Modeling the Arrival Rate of Cars to a Parking Garage
I am interested in finding out more about Poisson processes, like the arrival of cars at a toll booth. I do not have much experience with discrete event systems, so this is a learning experience for me.
There is a parking garage near an office building with an electronic sign outside it that displays how many spaces are available. I went there at 6:00 on a Friday and saw there were 635 empty spaces.
I recorded the number of space available every 5 minutes until 9:40. This does not give an exact count of the number of cars arriving, since some cars arrive, drop someone off and then leave, and similar other exceptions. But, the parking garage and building are at the end of a dead-end road, so there is little other traffic at that time of day except people going to that garage.

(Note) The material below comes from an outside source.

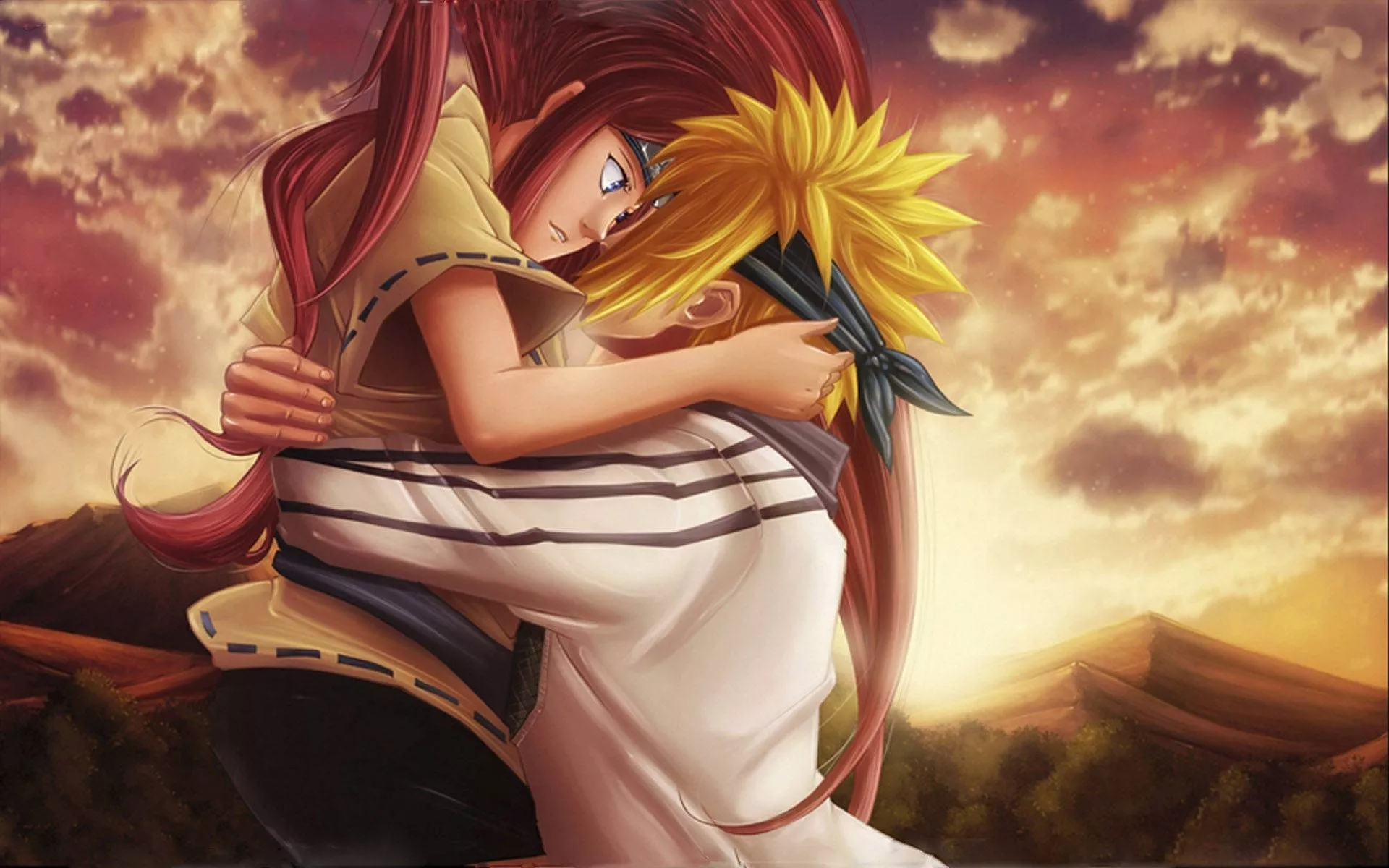 Download Anime Naruto Hugging Sakura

The graph below shows the observed number of spaces available over time, as well as a piecewise function that attempts to model the net arrival rate of cars to the parking garage.
Taking the difference in number of spaces available at each 5 minute interval gives the net arrival rate of cars. You can see this in the graph below.
I have attempted to represent the arrival rate using the Erlang distribution, which is related to the expected time between events.
The specific parameter values I used were k=79 and lambda=9. I then multiplied this entire distribution by a factor of 70 to fit it to the net total number of cars that arrived.
This does not seem to work well after 9:00 am, so after that point I have simply modeled the arrival rate with a downward sloping line with a slope of -1, since I did not have enough data to make anything meaningful from this time interval.